Keeping You a Secret
- Author: Julie Anne Peters
- Language: English
- Genre: Young adult novel
- Publisher: Little, Brown
- Publication date: 2003
- Publication place: United States
- Media type: Print (hardcover and paperback)
- Pages: 250 pg
- ISBN: 0-316-00985-7
- OCLC: 59282187

= Keeping You a Secret =

2003 young adult novel by Julie Anne Peters

Keeping You a Secret is a young adult novel by Julie Anne Peters. It was first published in hardback in 2003, and later in paperback in 2005.

The novel is about Holland, a 17-year-old girl, discovering her sexuality and what it is like to experience homophobia.
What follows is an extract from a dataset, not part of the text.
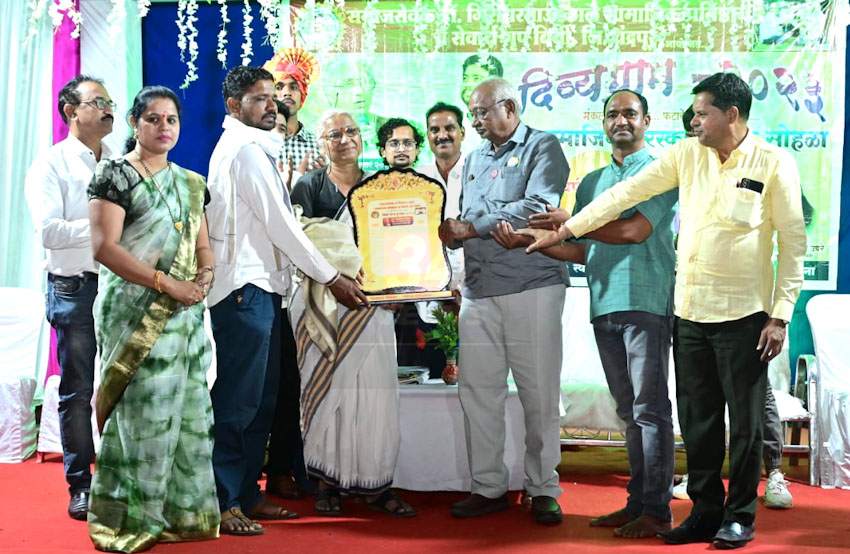 राज्यकर्ते हे जनतेचा नव्हे, निवडणुकांचा विचार करतात – मेधा पाटकर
What starts out as a confusing "girl crush" becomes a discovery of Holland's true feelings and coping with the concept of attraction to a member of her own sex. Other characters in the novel discover her crush and employ various means of physical and emotional abuse and violence, displaying strong homophobic behaviors.

Keeping You a Secret was a finalist for the 2004 Lambda Literary Award for Children's and Young Adult Literature and Stonewall Book Award.

==Reception==
Kirkus Reviews referred to the novel as "revealing" and noted that "gay or straight" readers will "identify with the excitement that accompanies that first love affair. At the heart is the realization that secrecy can damage many relationships, no matter the connection".
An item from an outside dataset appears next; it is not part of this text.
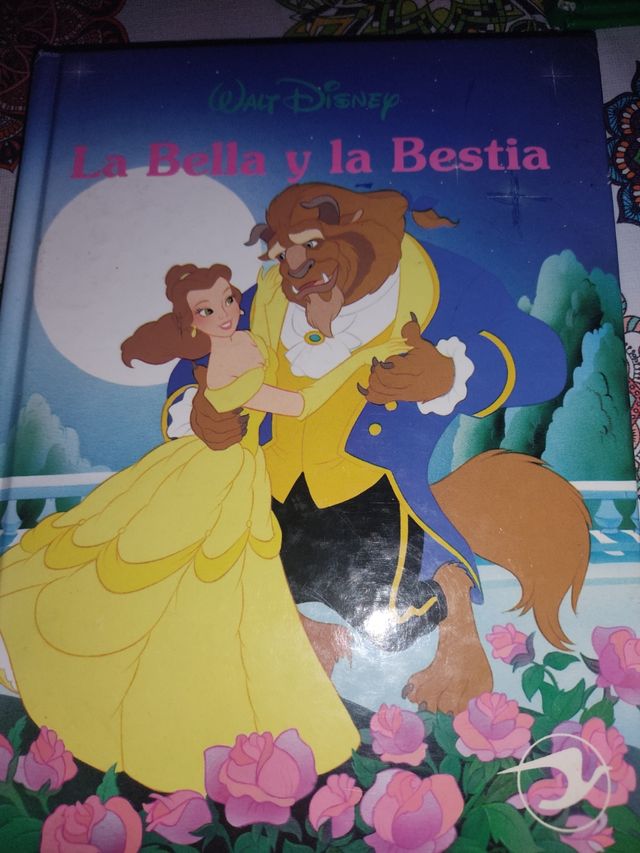 La bella y la bestia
Publishers Weekly wrote, "Peters [...] raises important points about the ramifications of coming out, but covers so much territory that her plotting suffers". They noted that some character development and action "seems too sudden", "comes across as extreme", or "feel[s] contrived". They concluded that "readers will appreciate Holland's new ability to live free of others' expectations [...] but the messages here seem to take precedence over plot".

Booklist also reviewed the novel.

==Awards and honors==
Keeping You a Secret was a finalist for the 2004 Lambda Literary Award for Children's and Young Adult Literature and Stonewall Book Award. It was also included on the American Library Association's 2004 Amelia Bloomer List.